Fig. 2Study design characteristic data plot against number of studies illustrating tool sensitivity, incubation temperature, swab type and setting. Four sampling techniques were used: sterile cotton swab moistened with sterile saline solution (n = 53 studies), Count-Tact applicator (n = 1), direct phone contact to media (n = 1) and 480CE e-swabs (n = 1). In terms of the sensitivity tools used for microorganism identification, 61% of the studies used low sensitivity identification tools (n = 34), 27% used medium sensitivity (n = 15), 11% used high sensitivity (n = 6) and one study used very high sensitivity identification tools (2%). 96% of studies used an incubation temperature of 37 °C (n = 52), two studies did not use incubation methods to culture isolates obtained from swab samples of mobile phones.
Fig. 3Microbiology identification tools used to characterise microbes across all studies.
Studies and subsets of studies, totalling 65 population samples, were split into health care setting and community setting for comparison of results.

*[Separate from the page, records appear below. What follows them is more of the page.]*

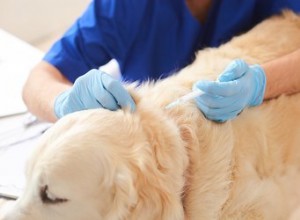 Информация о вакцинации собак против бордетеллы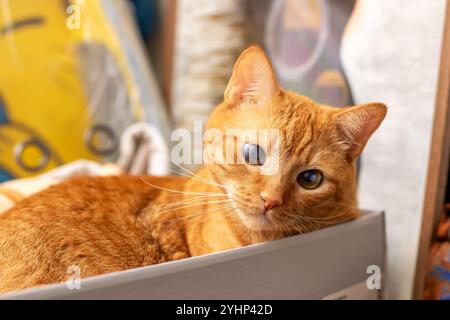 Un chat orange moelleux est confortablement allongé à l'intérieur d'une boîte à chaussures et regarde curieusement la caméra avec ses yeux brillants Banque D'Images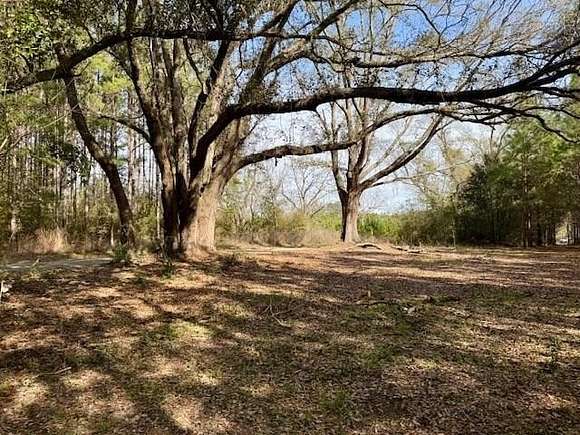 65 Acres of Recreational Land & Farm for Sale in Sandy Hook, Mississippi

| Population group | datasets | countries | phones sampled | swabs sampled^ | isolates | taxonomic units~ | Contaminated phones (%) | ||||||||
|---|---|---|---|---|---|---|---|---|---|---|---|---|---|---|---|
| total | average | median | total | average | median | total | average | median | total | average | median | ||||
| Community | 18 | 10 | 2670 | 148 | 117 | 2815 | 156 | 130 | 3817 | 212 | 106 | 73 | 8 | 7 | 68% |
| Health care workers | 47 | 19 | 5801 | 123 | 110 | 5895 | 125 | 120 | 5601 | 119 | 90 | 100 | 9 | 8 | 68% |
| Complete dataset | 65 | 24 | 8471 | 130 | 110 | 8710 | 134 | 120 | 9418 | 145 | 97 | 134 | 9 | 8 | 68% |
^one study swabbed more than once for each mobile phone [50].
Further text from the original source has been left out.